Records provided: Begin

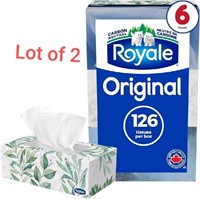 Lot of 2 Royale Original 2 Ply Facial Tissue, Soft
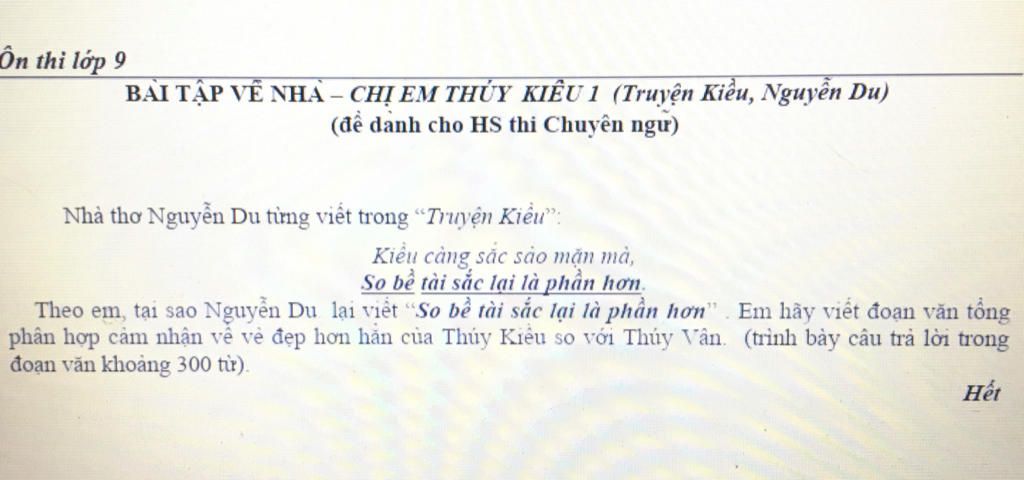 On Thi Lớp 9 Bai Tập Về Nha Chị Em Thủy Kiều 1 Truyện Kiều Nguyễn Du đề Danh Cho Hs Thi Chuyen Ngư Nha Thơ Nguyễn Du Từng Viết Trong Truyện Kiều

Records provided: End
Records provided: Begin

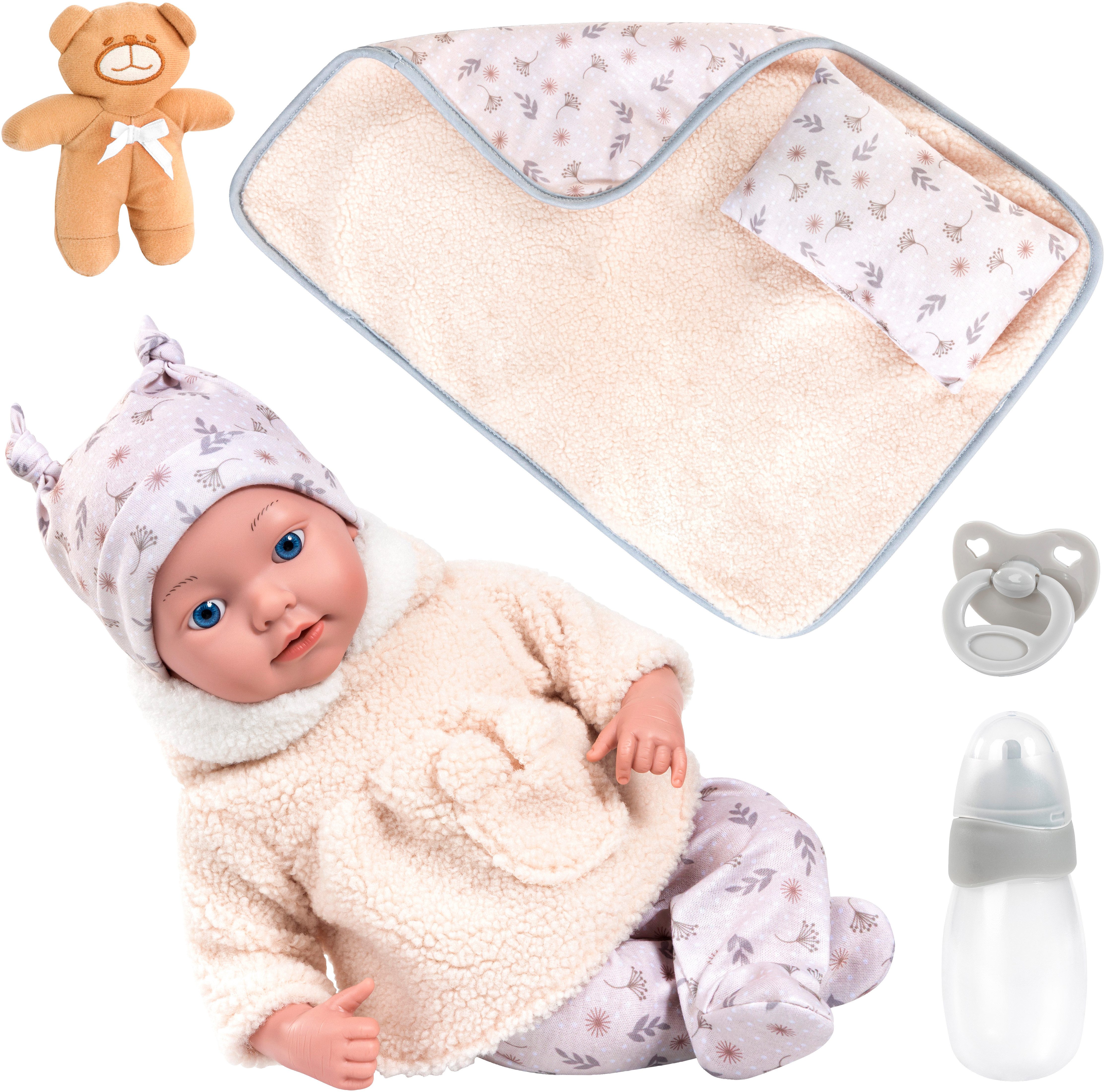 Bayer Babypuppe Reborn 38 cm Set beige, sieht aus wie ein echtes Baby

Records provided: End

_Task prompt_: Once the line with "Lot of 2 Royale" is found above, print it and every line after it through the line with "On Thi Lớp 9", exactly. Pictures stay out.

_Finished task_:
 Lot of 2 Royale Original 2 Ply Facial Tissue, Soft
 On Thi Lớp 9 Bai Tập Về Nha Chị Em Thủy Kiều 1 Truyện Kiều Nguyễn Du đề Danh Cho Hs Thi Chuyen Ngư Nha Thơ Nguyễn Du Từng Viết Trong Truyện Kiều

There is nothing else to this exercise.